WORK TO COMPLETE =>
Would you set down the lines running from the one that holds "Preston North End Manager" to the final line of the listing, both included, exactly and with no others?

EXTRACTED ENTRIES =>
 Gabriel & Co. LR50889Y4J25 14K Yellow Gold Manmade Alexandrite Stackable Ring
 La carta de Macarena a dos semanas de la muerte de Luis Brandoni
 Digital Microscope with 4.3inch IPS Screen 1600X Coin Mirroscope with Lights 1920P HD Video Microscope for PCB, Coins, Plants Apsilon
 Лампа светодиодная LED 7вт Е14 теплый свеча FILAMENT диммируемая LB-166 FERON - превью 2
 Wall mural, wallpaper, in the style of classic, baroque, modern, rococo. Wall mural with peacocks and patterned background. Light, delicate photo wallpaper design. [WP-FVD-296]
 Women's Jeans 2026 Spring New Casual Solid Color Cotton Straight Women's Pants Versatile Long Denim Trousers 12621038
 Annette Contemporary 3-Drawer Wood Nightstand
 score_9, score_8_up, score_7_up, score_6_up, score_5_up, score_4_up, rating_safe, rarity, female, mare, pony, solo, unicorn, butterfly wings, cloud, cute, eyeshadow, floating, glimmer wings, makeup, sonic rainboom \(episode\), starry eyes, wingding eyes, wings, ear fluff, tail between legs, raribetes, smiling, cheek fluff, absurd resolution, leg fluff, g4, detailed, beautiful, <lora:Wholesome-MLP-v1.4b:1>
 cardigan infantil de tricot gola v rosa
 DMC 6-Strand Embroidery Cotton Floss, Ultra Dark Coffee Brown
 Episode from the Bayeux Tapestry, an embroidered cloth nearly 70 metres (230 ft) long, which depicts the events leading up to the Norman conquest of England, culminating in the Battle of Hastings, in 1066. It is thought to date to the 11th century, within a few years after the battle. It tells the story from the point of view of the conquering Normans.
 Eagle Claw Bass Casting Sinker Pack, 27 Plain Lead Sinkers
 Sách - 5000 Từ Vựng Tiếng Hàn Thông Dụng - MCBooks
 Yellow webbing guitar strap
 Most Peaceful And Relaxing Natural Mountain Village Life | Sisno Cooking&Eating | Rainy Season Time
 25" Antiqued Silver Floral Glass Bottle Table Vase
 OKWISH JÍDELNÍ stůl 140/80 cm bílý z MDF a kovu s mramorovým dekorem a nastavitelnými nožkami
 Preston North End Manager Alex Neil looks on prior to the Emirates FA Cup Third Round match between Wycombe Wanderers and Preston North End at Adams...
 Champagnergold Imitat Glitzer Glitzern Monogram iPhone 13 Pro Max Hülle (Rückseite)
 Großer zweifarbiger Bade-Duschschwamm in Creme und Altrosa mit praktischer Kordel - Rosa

RESULT OF THE TASK =>
 Preston North End Manager Alex Neil looks on prior to the Emirates FA Cup Third Round match between Wycombe Wanderers and Preston North End at Adams...
 Champagnergold Imitat Glitzer Glitzern Monogram iPhone 13 Pro Max Hülle (Rückseite)
 Großer zweifarbiger Bade-Duschschwamm in Creme und Altrosa mit praktischer Kordel - Rosa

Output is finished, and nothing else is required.